By Sherry Larson
Music is good for the soul, and Tuesday evening, April 11, proved that time spent in the presence of harmonious voices brings on all the “feels”.
There is a longstanding tradition between Morehead State University and West Union High School’s music departments and the University shared its talented Concert Choir and Chamber Singers. Corbett Phipps of the Christian Union Church in West Union made introductions and commendations, delivering his ever-witty dialogue. He thanked church members Sara Lewis, Sarene Bellamy and Angel Stevenson for providing a home-cooked meal for the singers who likely needed a nap but went on with the show. Dakota Nehus, Choir Director for West Union High School, graduated from Morehead and said of their Conductor, Dr. Greg Detweiler, “He made my experience memorable.” The Choir enjoyed the accompaniment of Morehead’s pianist, William A. Murphy.
Some evening highlights included the stunning and emotional performance of “Ave Maria” and standout tenor Samuel Smittle, who beautifully hit a few intense high notes. The haunting “Ukrainian Alleluia” moved the audience with its pain and crescendo of hope. Detweiler said of the arrangement, “It combines the pain Ukraine is going through and the element of hope.”
An Indonesian folk song, “Hela Rotan” (Pull the Rattan), performed by the Concert Choir, was lively and fun. The most spirited and playful performance of the evening was “Maquerule,” a traditional Columbia Folksong. Soprano, Summer Lighthall, featured her angelic voice and left the crowd with smiles on their faces.
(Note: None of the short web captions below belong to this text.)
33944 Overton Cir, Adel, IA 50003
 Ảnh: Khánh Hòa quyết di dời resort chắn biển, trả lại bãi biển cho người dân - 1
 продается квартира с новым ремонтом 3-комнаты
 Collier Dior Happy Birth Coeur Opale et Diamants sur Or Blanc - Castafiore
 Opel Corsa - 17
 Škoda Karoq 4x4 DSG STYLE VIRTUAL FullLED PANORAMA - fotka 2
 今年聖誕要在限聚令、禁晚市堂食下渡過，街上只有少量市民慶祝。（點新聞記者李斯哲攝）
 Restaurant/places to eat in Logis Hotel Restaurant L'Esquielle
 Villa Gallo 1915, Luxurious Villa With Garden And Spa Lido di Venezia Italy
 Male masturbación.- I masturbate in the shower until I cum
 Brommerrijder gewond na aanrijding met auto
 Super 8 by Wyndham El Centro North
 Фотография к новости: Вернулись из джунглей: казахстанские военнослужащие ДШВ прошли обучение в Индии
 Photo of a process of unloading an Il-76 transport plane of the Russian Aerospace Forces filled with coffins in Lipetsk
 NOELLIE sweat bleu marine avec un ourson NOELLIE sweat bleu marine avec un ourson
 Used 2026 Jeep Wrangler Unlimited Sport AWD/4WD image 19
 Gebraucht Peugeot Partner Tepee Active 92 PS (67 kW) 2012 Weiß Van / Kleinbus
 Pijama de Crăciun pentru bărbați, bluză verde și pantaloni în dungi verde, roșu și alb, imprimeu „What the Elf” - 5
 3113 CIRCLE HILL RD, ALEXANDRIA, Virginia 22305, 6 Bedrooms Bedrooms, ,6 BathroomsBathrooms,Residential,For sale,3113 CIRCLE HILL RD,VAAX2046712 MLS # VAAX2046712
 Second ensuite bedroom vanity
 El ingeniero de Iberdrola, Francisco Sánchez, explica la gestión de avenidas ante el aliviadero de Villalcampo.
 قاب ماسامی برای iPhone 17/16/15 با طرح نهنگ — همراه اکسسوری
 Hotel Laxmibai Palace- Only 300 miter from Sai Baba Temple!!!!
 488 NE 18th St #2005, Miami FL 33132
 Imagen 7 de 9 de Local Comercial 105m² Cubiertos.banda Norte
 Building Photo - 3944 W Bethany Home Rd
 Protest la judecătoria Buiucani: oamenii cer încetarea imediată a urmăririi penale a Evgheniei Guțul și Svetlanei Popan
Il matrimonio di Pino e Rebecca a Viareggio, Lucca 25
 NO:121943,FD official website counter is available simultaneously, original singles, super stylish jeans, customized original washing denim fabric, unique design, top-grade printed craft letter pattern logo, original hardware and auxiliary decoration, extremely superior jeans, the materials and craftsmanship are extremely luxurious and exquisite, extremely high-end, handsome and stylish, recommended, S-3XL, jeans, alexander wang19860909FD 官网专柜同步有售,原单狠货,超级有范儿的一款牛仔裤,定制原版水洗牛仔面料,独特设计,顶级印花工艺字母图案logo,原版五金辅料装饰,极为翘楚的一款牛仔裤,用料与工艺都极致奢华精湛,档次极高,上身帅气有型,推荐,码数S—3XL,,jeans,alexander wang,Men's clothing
The Concert Choir mastered the sometimes prophetic and always poetic artistry of Bob Dylan with “The Times They Are A-Changin’.” And each singer wore enlivened expressions during their presentation of “Celtic Dance.”
The Chamber Singers performed a traditional spiritual called “Sometimes I Feel,” showcasing alto and former Carl Schneider student and West Union graduate Sarah White-Jarman. The song was perhaps the most potent, permeating the life events of enslaved people and their expression of faith in hope and sorrow through music.
Soprano Katie Webb, flutist Olivia Hall, and the Chamber would have made Dolly Parton proud with their rendition of “Light of a Clear Blue Morning.” Webb’s voice belted unapologetically and filled the room with a joyous song. A loud whisperer in the audience said, “She’s good!” Indeed, she was.
The evening’s intermission included Christian Union’s Becky Plymail singing and playing the piano with happy gospel sounds.
Music filled the little Christian Union Church, making it a sanctuary of song and bringing to the surface emotions and responses that only the language of music can do.